▶ WORKING DATA
──────
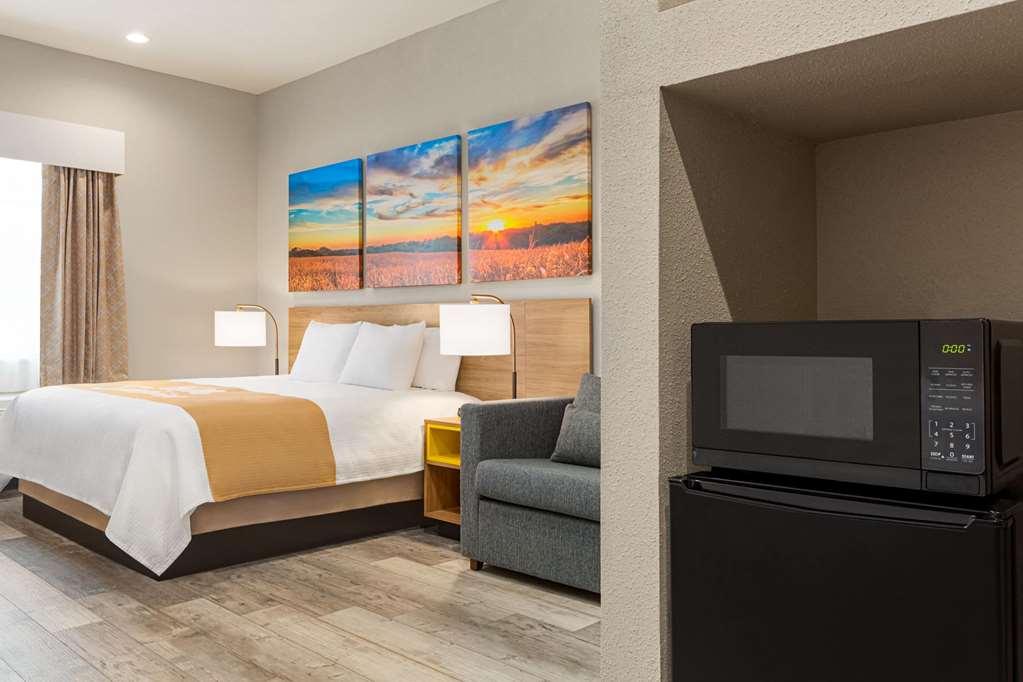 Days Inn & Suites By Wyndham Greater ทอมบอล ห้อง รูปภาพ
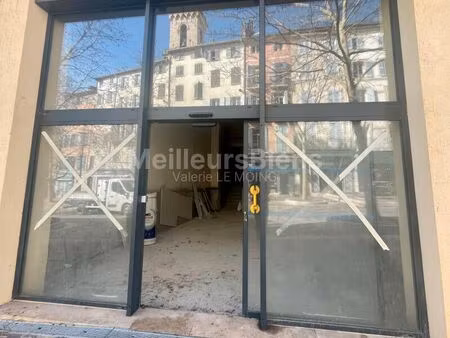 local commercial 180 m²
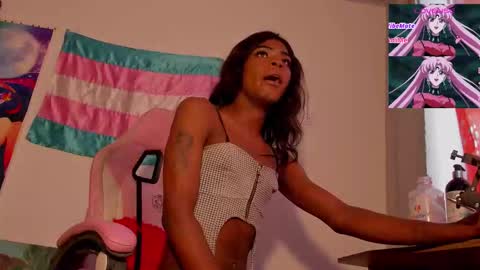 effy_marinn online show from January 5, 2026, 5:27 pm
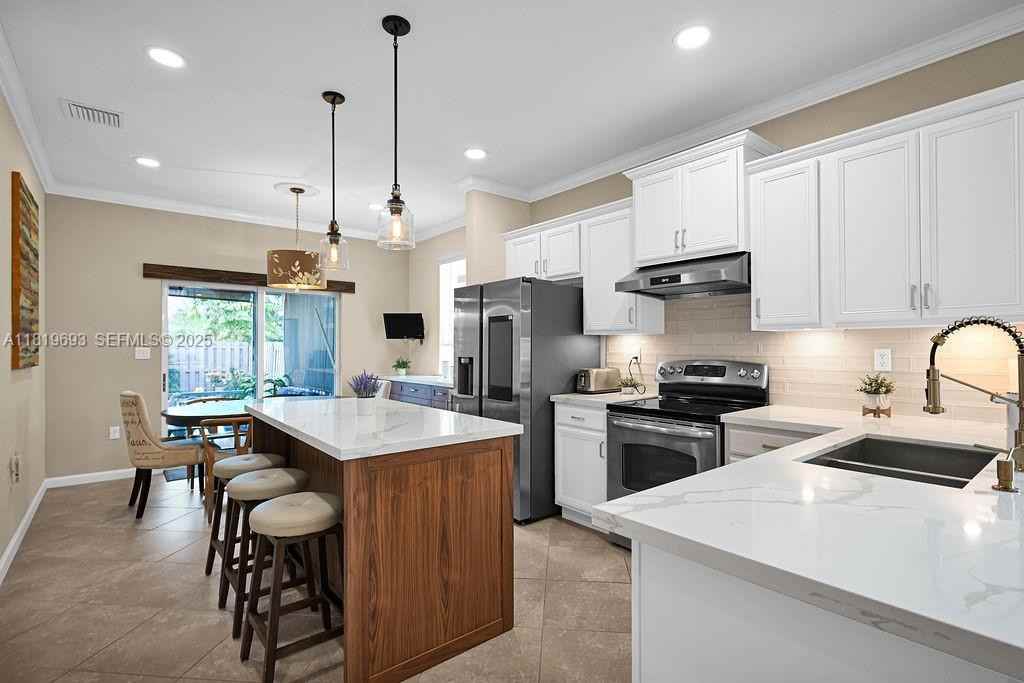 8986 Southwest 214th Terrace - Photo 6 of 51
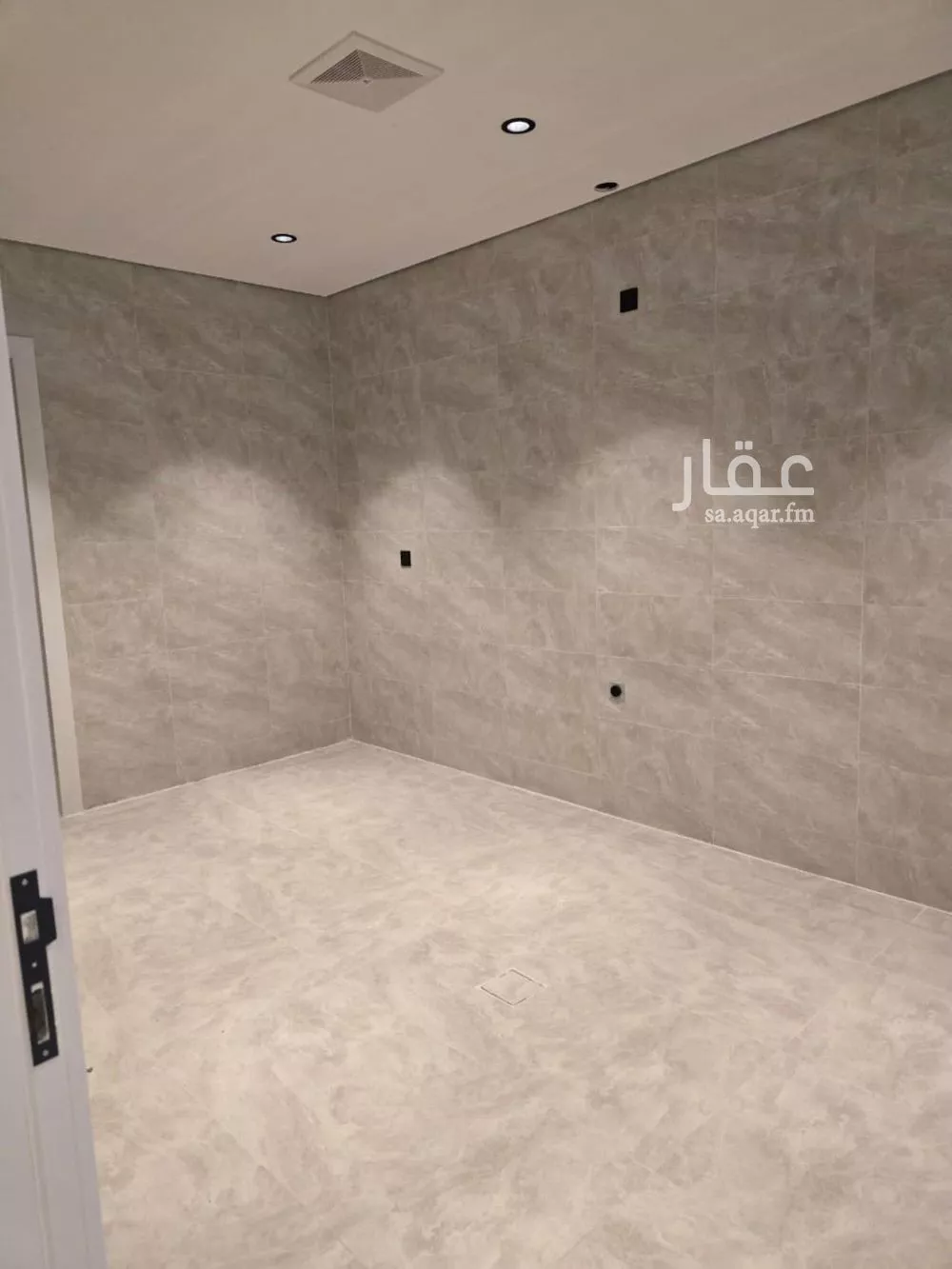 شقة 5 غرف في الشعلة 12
──────
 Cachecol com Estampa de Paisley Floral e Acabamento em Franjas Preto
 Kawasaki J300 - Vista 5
──────
Using the data above, print only the lines starting at the one with "effy_marinn online show" and ending at the one with "شقة 5 غرف في الشعلة 12", exactly as they stand, minus the pictures.

 effy_marinn online show from January 5, 2026, 5:27 pm
 8986 Southwest 214th Terrace - Photo 6 of 51
 شقة 5 غرف في الشعلة 12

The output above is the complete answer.